Development of automated speech recognition and language learning tools

Researchers at the University of Oxford, led by Professor Aditi Lahiri, Director of the Language and Brain Laboratory, have developed an automated speech recognition system based on modelling of how the brain processes sounds. The research has been awarded four European Research Council grants: two Advanced and, for innovation building on their results, two Proof of Concept awards.

Illustrating thought processingHow does the brain process sounds?

Credit: Shutterstock

The FlexSR (Flexible Speech Recognition System) that has been built from scratch by Professor Lahiri and her team, does not require the extensive training that speech recognition systems usually do, and can be easily adapted to different speakers, dialects, and languages

Professor Lahiri has held two ERC Advanced Grants in addition to two ERC Proof of Concept grants for work in this area, to carry out the fundamental investigation of variations in speech, for example at the boundaries between words.
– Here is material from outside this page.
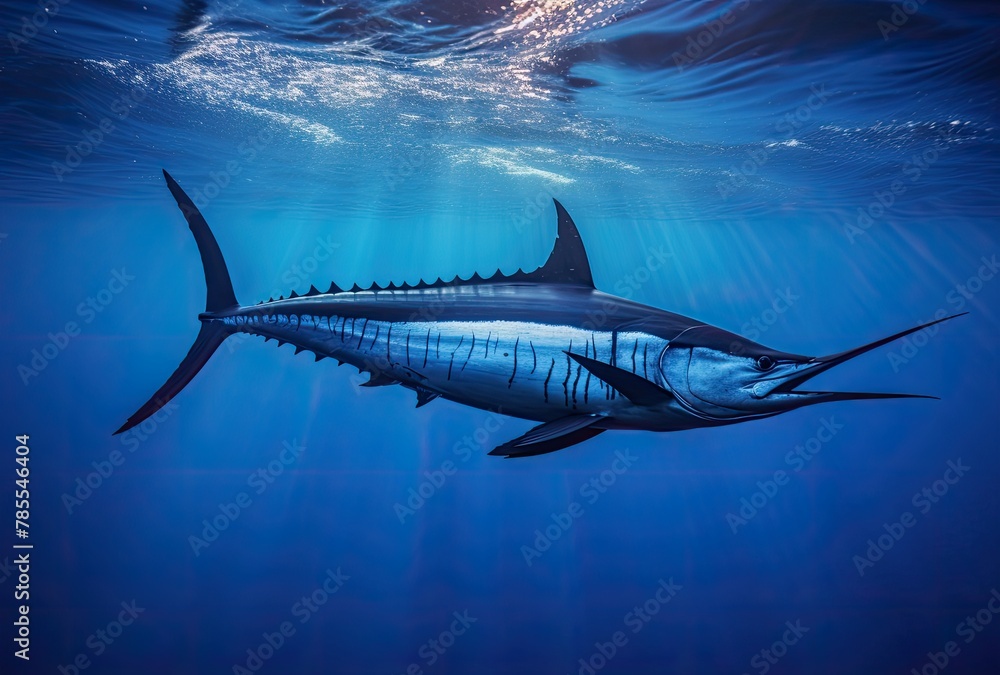 Obraz premium Blue marlin fish in the deep blue ocean. Wildlife scene.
The first led to a linguistic model of speech based on phonological features, the articulatory and acoustic properties of each sound that form its contrasts with others.  For example, the ‘voicing’ feature (whether the vocal cords are vibrating or not) forms a component of the contrast between the ‘p’ and ‘b’ consonant sounds in English.

Building on this work using Proof of Concept funding, the team developed the speech recognition system that was trained to recognise a universal set of 19 such features and can combine them to identify speech sounds, or phones. Importantly, it aims to target those features that are essential to human understanding of speech, and ignores or tolerates those that can vary across speakers or utterances.

The research team has also used this model to develop a prototype language learning app. Using the FlexSR technology, the app analyses words and sentences spoken into the app by the user, and then provides detailed feedback. Used in this way, language learners can receive personalised responses to improve their pronunciation.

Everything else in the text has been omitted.